Bruna explica que passou a conhecer essas histórias mais de perto quando sua avó as contava e, ao trazer isso para a poesia, conseguiu perceber a questão opressora do corpo feminino. “Quando eu comecei a falar da minha avó, eu percebi também que existia uma certa atualização da opressão. Eu sabia que a minha avó foi muito oprimida, mas passei a ver que isso também aconteceu com a minha mãe e comigo, mas de outra forma. E aí, contando a história da minha avó, eu fui encontrando a minha própria história.”
a minha avó roubava leite//pra dar aos filhos//porque seus peitos empedraram/porque a sequidão é a sina/das mulheres da família/a minha avó roubava leite/por culpa/pela maternidade/que seu corpo descumpria/a minha avó até bem velha/dizia olha a minha língua/não tem saliva/por isso não consigo engolir/e eu via/o rosto da minha avó empedrar/a boca seca/a sua a dos filhos/punição pelos peitos vazios/a vida da minha avó}/esvaindo/e na boca do poço rosto/de pedra/uma voz fraca/vinda do mais fundo/onde uma mulher pode ser/mas nunca em excesso/– nunca o excesso/pra quem foi mãe/aos treze anos em 1934 –/líquida: /vai roubar leite minha neta/seus filhos vão chorar um dia.
Na poesia de Bruna, também existe a identificação, como na questão do abuso sexual cometido pelo pai ou familiar; muitas mulheres se idenficam com esse tipo de situação. “Eu cheguei a falar numa entrevista recente que eu só fui saber que eu tinha sido abusada pelo meu pai com 22 anos. Duas outras grandes mulheres, a minha primeira namorada e a minha irmã de consideração, que é a minha melhor amiga de infância, falaram que as coisas que ele fazia comigo não eram coisas que um pai devia fazer. Mesmo sendo uma mulher bem informada, que já estava na universidade, eu não percebi isso até os 22 anos. De alguma forma, o seu inconsciente vai jogando essas verdades indesejadas para debaixo do tapete. Para mim, elas não sabiam o que é amor de pai. Eu estava tentando me defender da verdade. Eu acredito que é assim que acontece a identificação, porque, quando uma pessoa está lendo e vê um personagem num conto, romance ou a voz poética, começa a entender que está passando por aquilo ali, o que não deve ser aceito. É nesse momento que a literatura também cumpre o seu papel de transformação. Eu acredito no papel transformador da literatura, da poesia.”

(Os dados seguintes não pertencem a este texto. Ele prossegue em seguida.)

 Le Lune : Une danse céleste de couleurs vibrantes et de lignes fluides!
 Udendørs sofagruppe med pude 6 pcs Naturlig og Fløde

Por fim, a autora falou sobre o novo projeto que tem em mente – mas ainda não dá certeza de que vai acontecer. Com uma pegada diferente, Bruna quer trazer a poesia para as crianças, falando sobre a sua própria infância e o lugar onde cresceu. “É sobre as crianças do lugar onde eu vivo e também a criança que eu fui. Existe esse projeto que a princípio vai se chamar “As Crianças Daqui”, mas que ainda está bem vago. Fico pensando nesse lugar que pode ser qualquer lugar periférico do mundo, porque as periferias se aproximam de alguma forma. Falar de hábitos muito simples que eu tinha, e que as crianças aqui ainda têm, porque eu me vejo nessas crianças. Brincar na rua, subir na árvore e vivenciar a violência diária. Isso também é sintomático, você pensar que é quase a mesma coisa, pouca coisa mudou nas periferias. Eu tô desenvolvendo uma voz poética, penso em como eu quero falar, para quem eu quero falar, e acabou que eu acho que eu tô indo pra um caminho mais de falar com a infância. Acabei mudando até a minha forma de escrever, de falar poesia. Se sair, vai ser um livro infantil juvenil.”